At least once per week we have an athlete come in who is struggling from the effects of a practice, training session, or lifting session that they have done elsewhere and under another coach’s guidance. We have athletes from more than 20 high schools, nearly a dozen colleges, and several middle schools, many of whom are currently playing or in pre-season preparation for their sport. We have a few high school baseball players who also play football. This almost always means that we have to deal with the football lifting program at their high school, and its impact on how our athletes are able to move and perform.

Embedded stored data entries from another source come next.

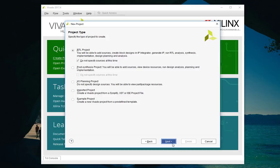The next screen asks you to specify the project type. The only one we'll ever be dealing with is RTL project, which stands for Register Transfer Level project. The only other one that might be interesting is the example project, which provides a bunch of predefined templates created by Xilinx. We don't have any sources to specify at this time, so make sure that checkbox is ticked.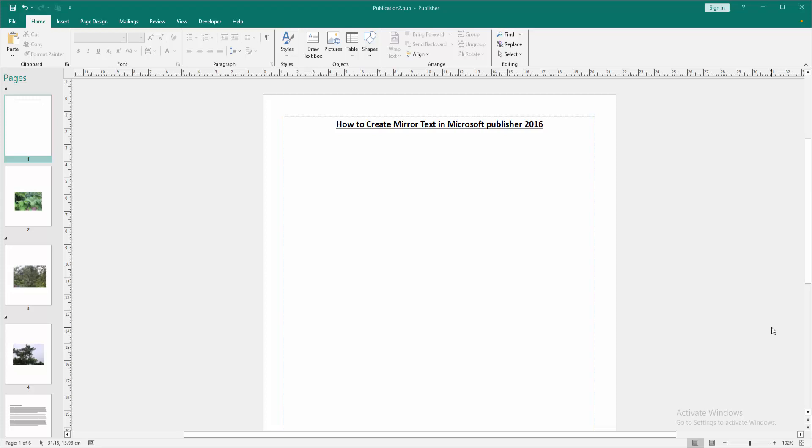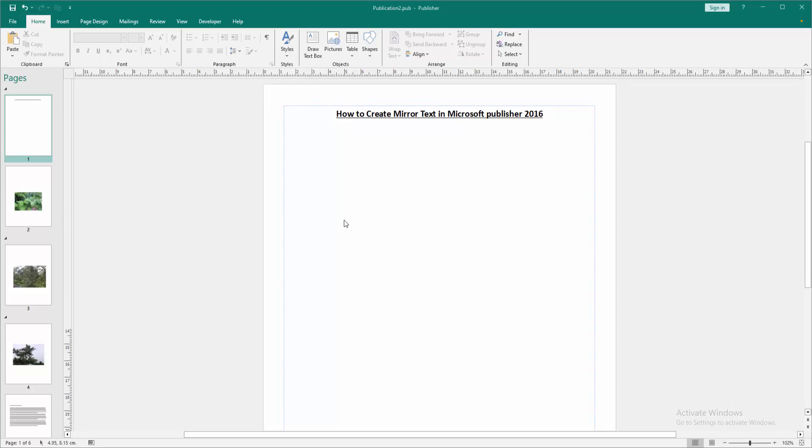First, we have to open a Publisher document. Now we want to create mirror text in this document.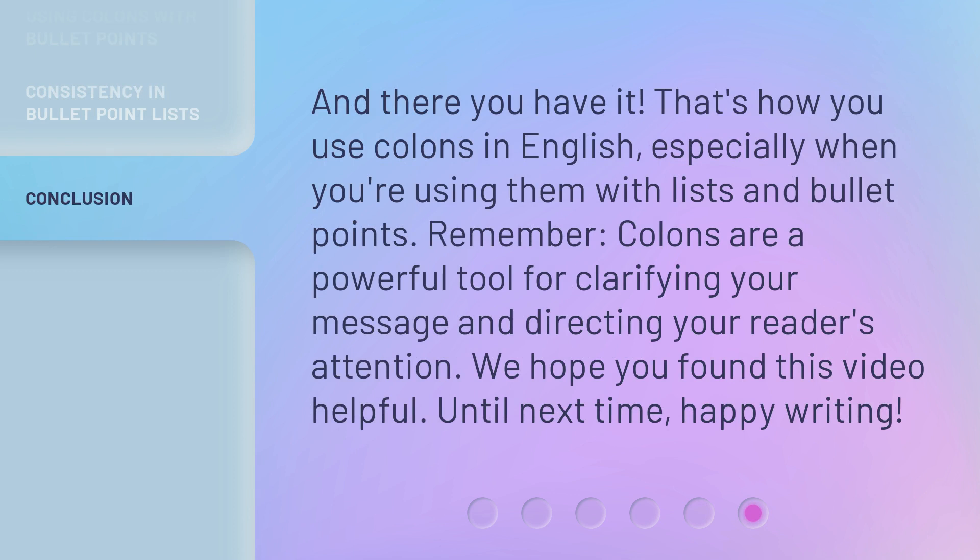And there you have it. That's how you use colons in English, especially when you're using them with lists and bullet points. Remember, colons are a powerful tool for clarifying your message and directing your reader's attention. We hope you found this video helpful. Until next time, happy writing. Thank you.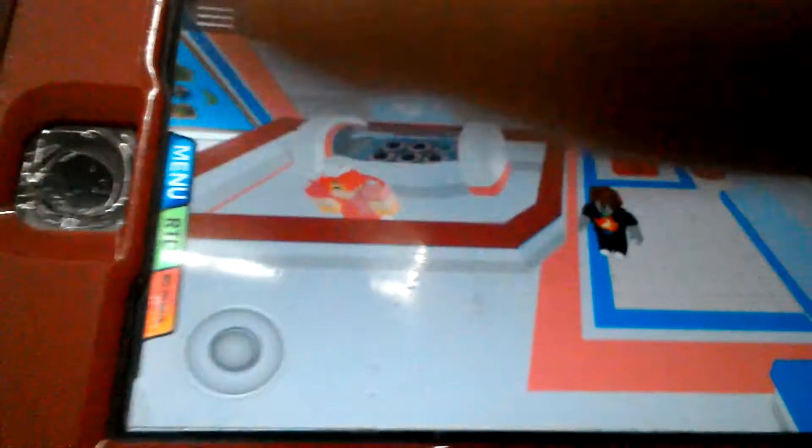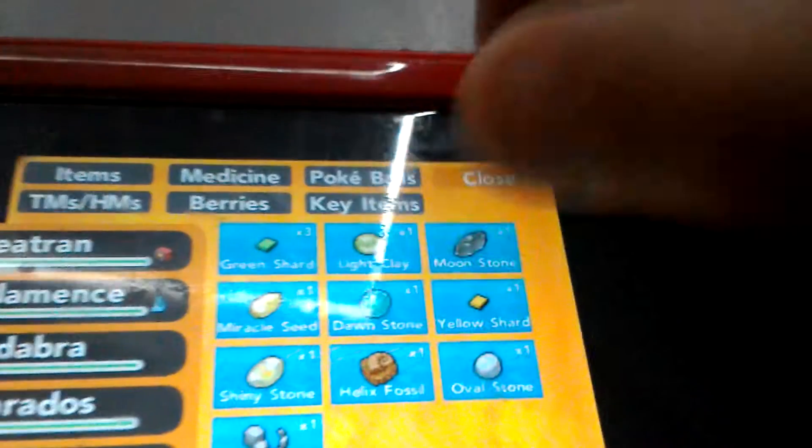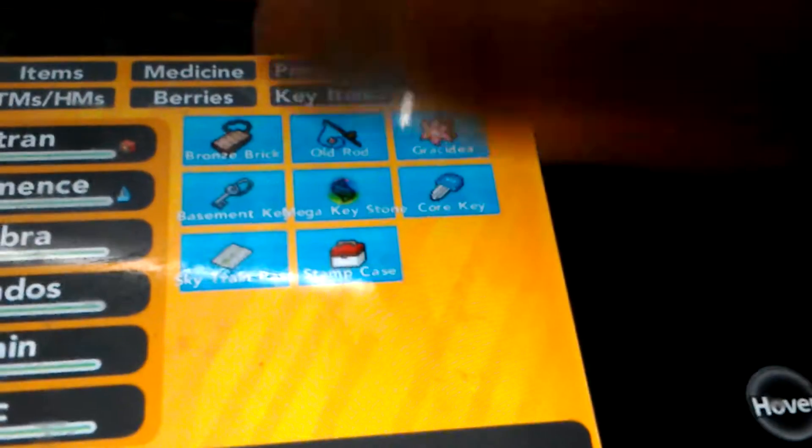Now what you have to do is go to your bag right here. The little lady from the greenhouse should give you a little flower. Let me just go to my key items. It's called a Gray Sierra.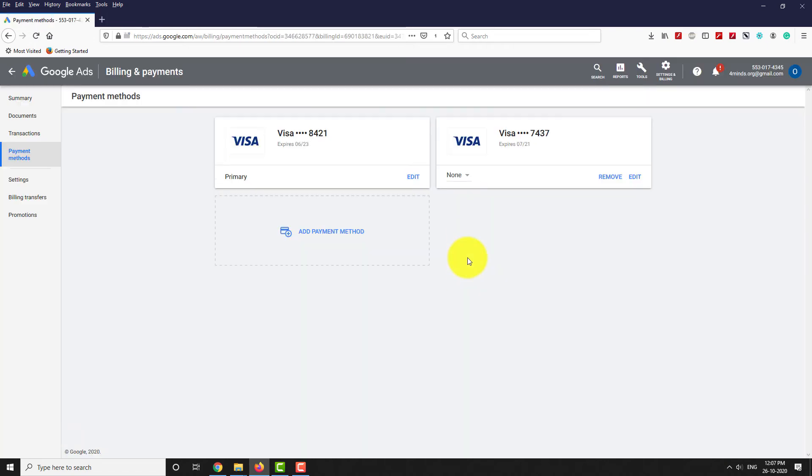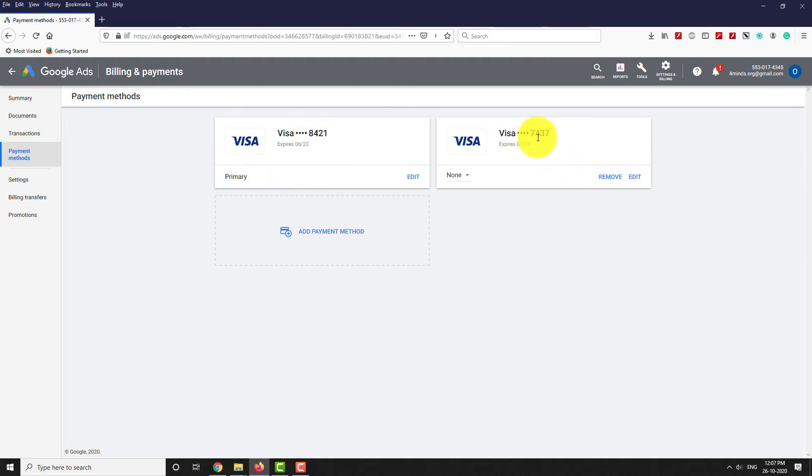After making the payment, your new card is set as the primary card for making the payment. Now you can remove the card which you wanted to remove earlier.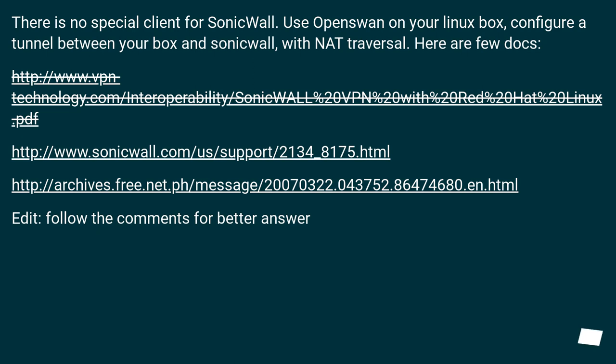Here are a few docs. This URL. This URL. Edit, follow the comments for better answer.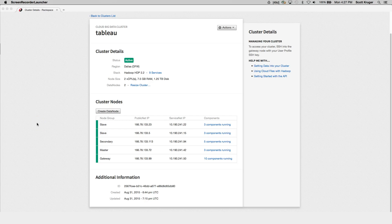Hello, my name is Scott Krueger, and I'm a developer on the Cloud Big Data team here at Rackspace. Today, I'm here to speak with you about using Tableau Desktop to connect to a Cloud Big Data Hadoop cluster.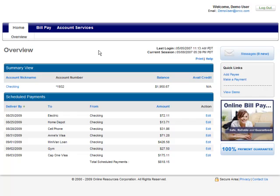The first step toward making online payments is to set up your payees. A payee can be any individual or a company — your landlord, the electric company, or anyone else you need to pay. All the information you need to complete this task should be available on a recent bill. You'll probably find that we've already stored information on many of your billers, making it that much easier to get set up. Let's begin with a demonstration.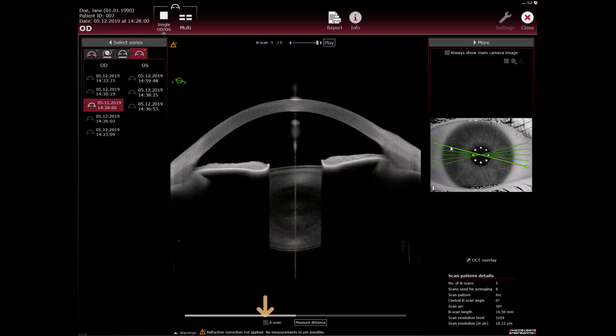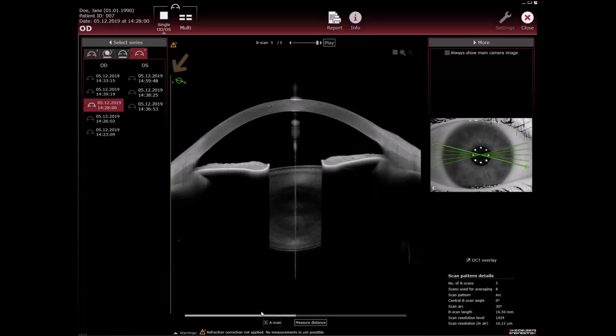When you select the A scan checkbox below the OCT section image, the A scan that corresponds to the position you clicked on the camera image is displayed.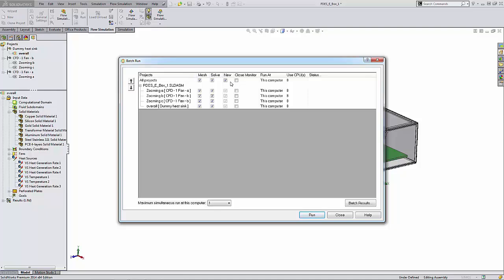The New column here allows us to recalculate the project from start. This option is applicable only for already calculated projects. If New is not selected, the calculation starts from the point where the solver was stopped automatically or manually.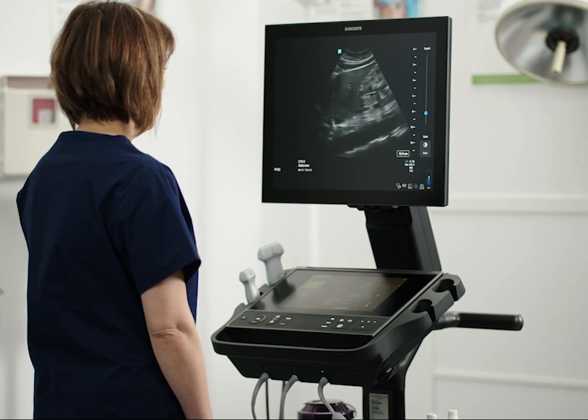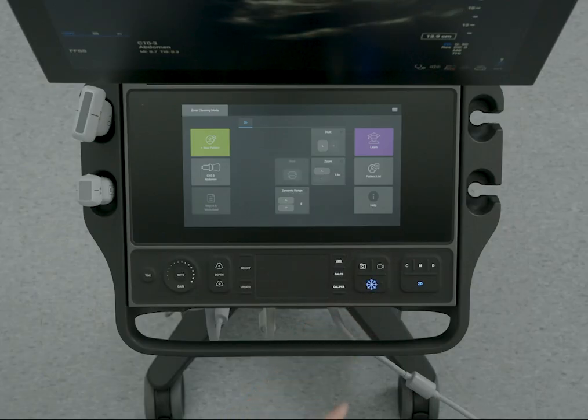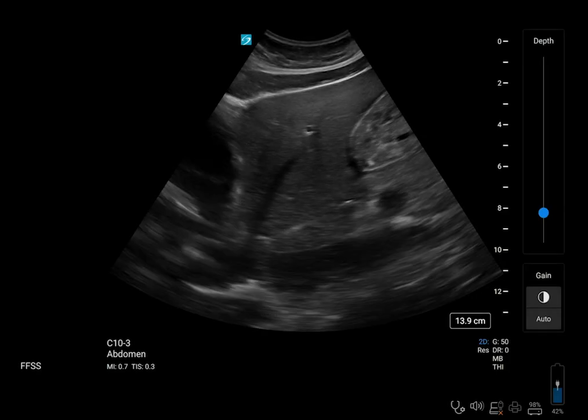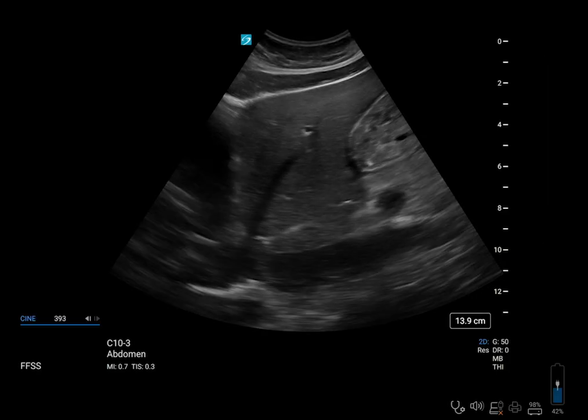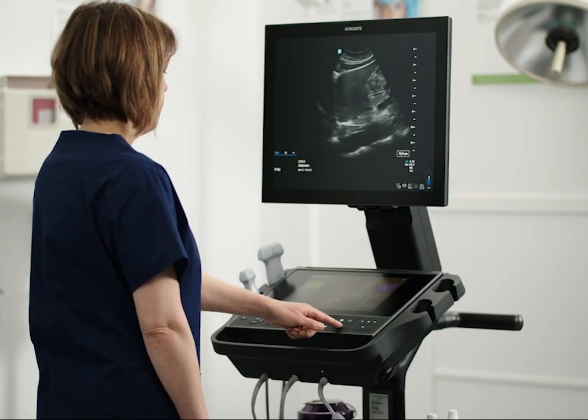Now that we've optimized the image, let's freeze it by pressing the Freeze button. When the image is frozen, you can take a measurement. Watch the help video, Taking Measurements.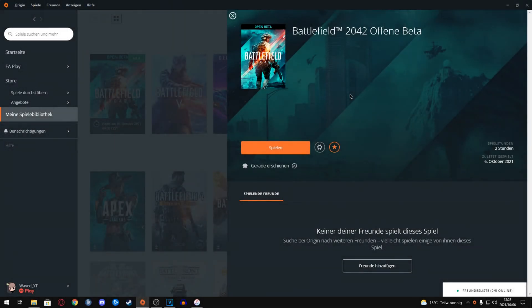Hello guys and welcome to this new video. Today it's all about Battlefield 2042. The beta just launched at 9 p.m.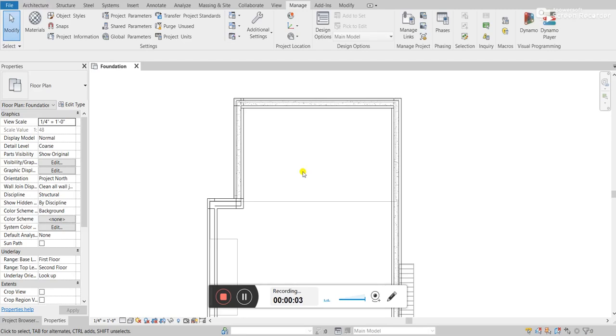Hey, so for this tutorial, I'm going to be showing a tool called the Purge Unused tool.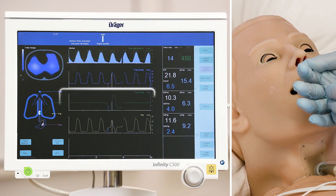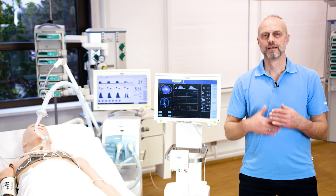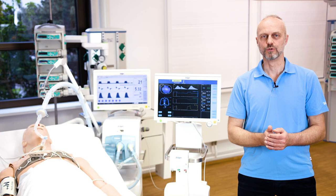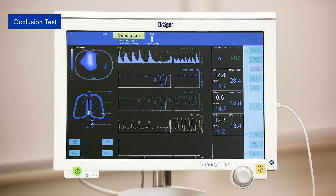Now we slowly withdraw the catheter until the cardiac oscillation becomes present in the esophageal pressure waveform. Now it's time to check the proper balloon position. We conduct an end-expiratory occlusion maneuver and open the dialogue occlusion test.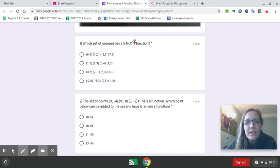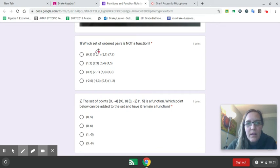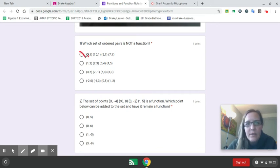We want to see which one is not a function, so you don't want repeated x values. So choice 1: 9, 10, 5, and 7. We have no repeated x values, so that one is a function. Don't pick that one.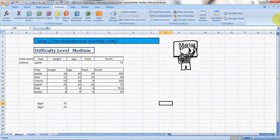So this was the DGET formula today, a beautiful formula that can be used in so many different ways. This is your Excel guru signing off for the day. Have a wonderful day ahead. Happy Excel learning.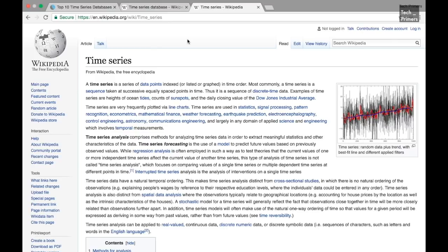The key difference between a relational or NoSQL database and a time series database is that in other databases we query with values of different data types. However, in a time series database we ask questions only over time — we ask it to give data over a particular period of time. The query ties up to a time-date range. The architecture, data lifecycle management, and summarization are what distinguish time series databases from traditional databases, enabling them to handle heavy loads quickly and efficiently.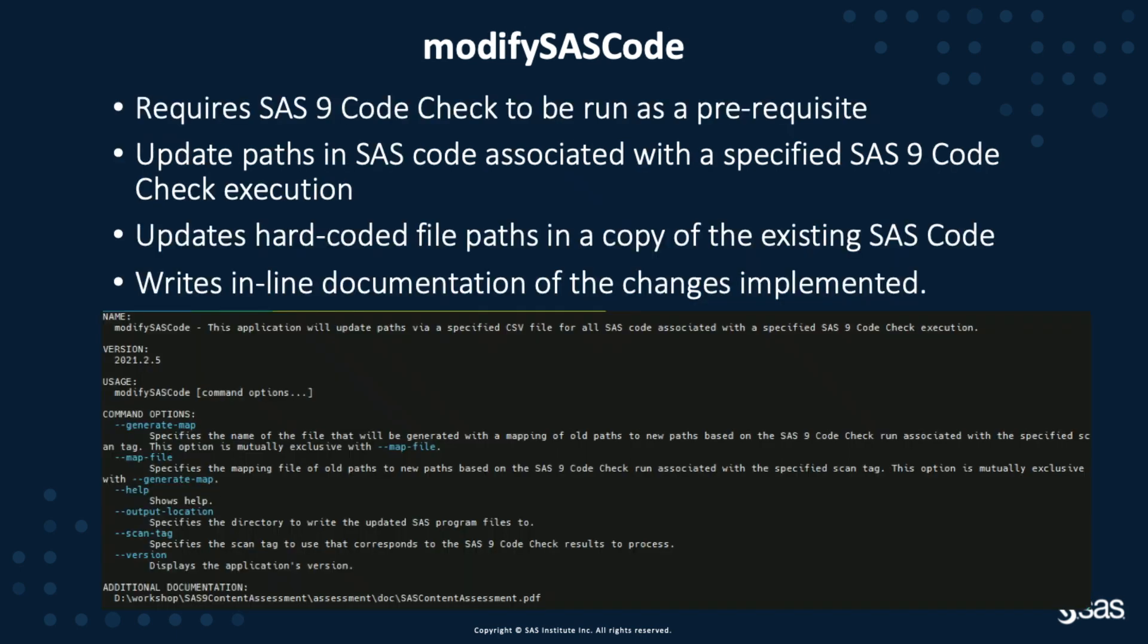As a prerequisite to running Modify SAS Code, you must have run the CodeCheck Content Assessment application. CodeCheck analyzes your SAS Code for elements that are potentially incompatible with SAS Viya and for any hard-coded paths that may need to be updated. Then, Modify SAS Code, using some of the input from CodeCheck, is able to update the hard-coded paths in a copy of your SAS Code. In addition, when it does this, it writes some inline documentation to that SAS Code so you can identify where any changes have been made.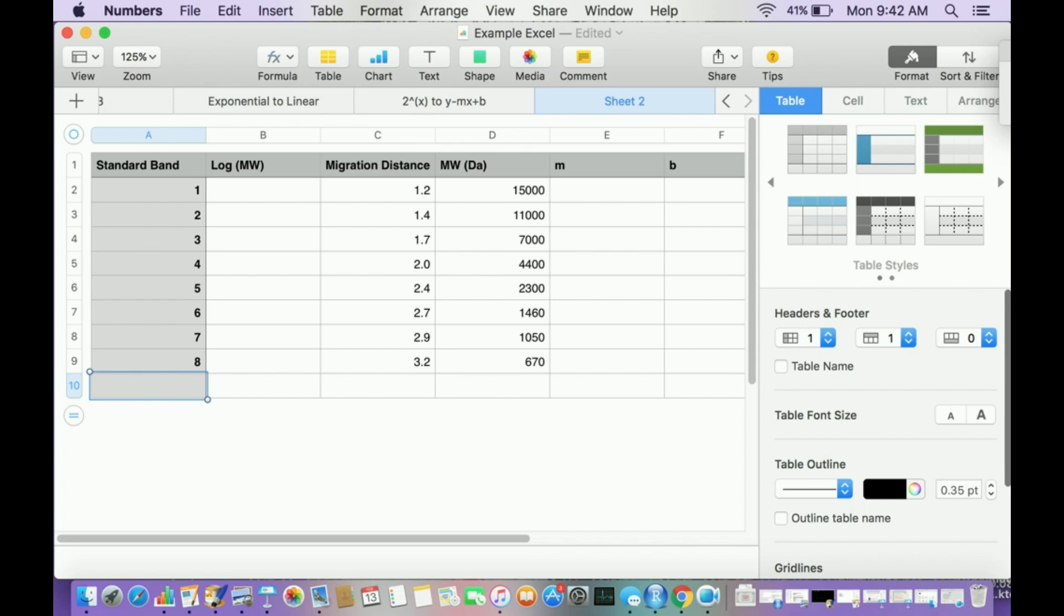We've been going over some of the theory and gel electrophoresis. Now I'm going to give you some sample data and explain how to make a standard curve for gel electrophoresis.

In the typical 2 hour blocks while baseball athletes are at our facility, they will work on the skill of throwing a baseball and then go through a full-body lift before leaving. Our lifting sessions have the sole intention of improving the skill (in this case throwing a baseball) while possibly improving velocity and reducing risk to the athlete. This might mean general strength training or it could mean special exercises for our more advanced athletes. If our pitching staff sees something that may need some work, they bring it to our attention and we work to find an exercise, movement, cue, etc. that helps resolve that issue. Sometimes, there’s a bigger problem.
One of our athletes came in this week on Wednesday to throw a little, have his workout, and prepare for pitching in a travel ball game on Friday. This young man happens to live more than an hour from our facility and as such is only able to make it once per week. He also happens to play football at his high school. I noticed that he wasn’t throwing and was just kinda hanging out; almost looking for something to do. I asked him how he was doing and he told me that his pecs were too sore for him to throw.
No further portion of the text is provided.